§ **DATASET EXTRACT**
====================

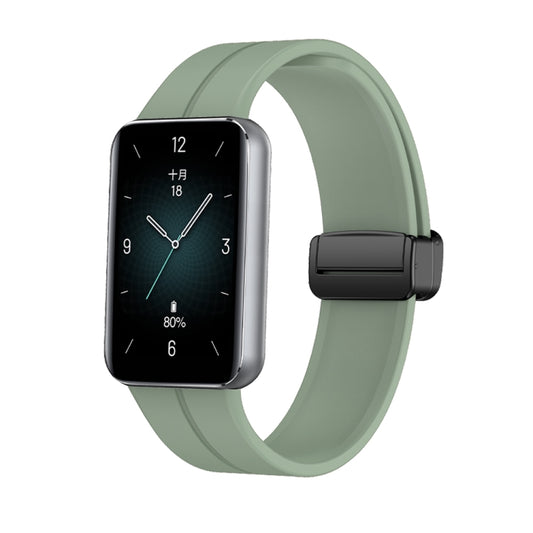 For Honor Band 9 Magnetic Folding Black Buckle Silicone Watch Band(Grey Green) - Watch Bands by PMC Jewellery | Online Shopping South Africa | PMC Jewellery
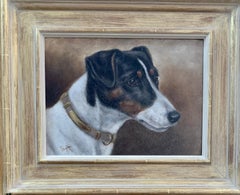 Antique Victorian English oil portrait of a Jack Russell terrier dog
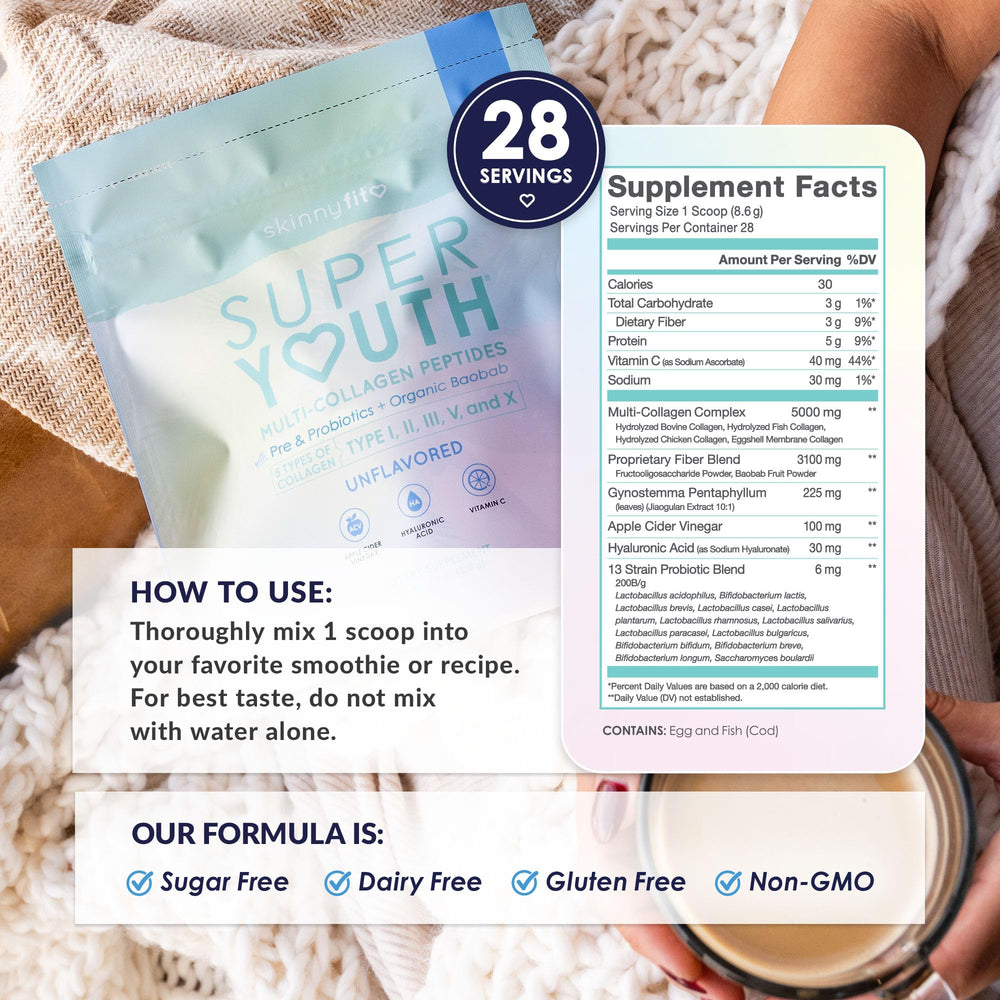 Close-up of SkinnyFit Super Youth Collagen powder, showing smooth mixability.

====================

Top to bottom, retype the listing exactly but drop every picture.

§ **RESULT OF THIS TASK**
 For Honor Band 9 Magnetic Folding Black Buckle Silicone Watch Band(Grey Green) - Watch Bands by PMC Jewellery | Online Shopping South Africa | PMC Jewellery
 Antique Victorian English oil portrait of a Jack Russell terrier dog
 Close-up of SkinnyFit Super Youth Collagen powder, showing smooth mixability.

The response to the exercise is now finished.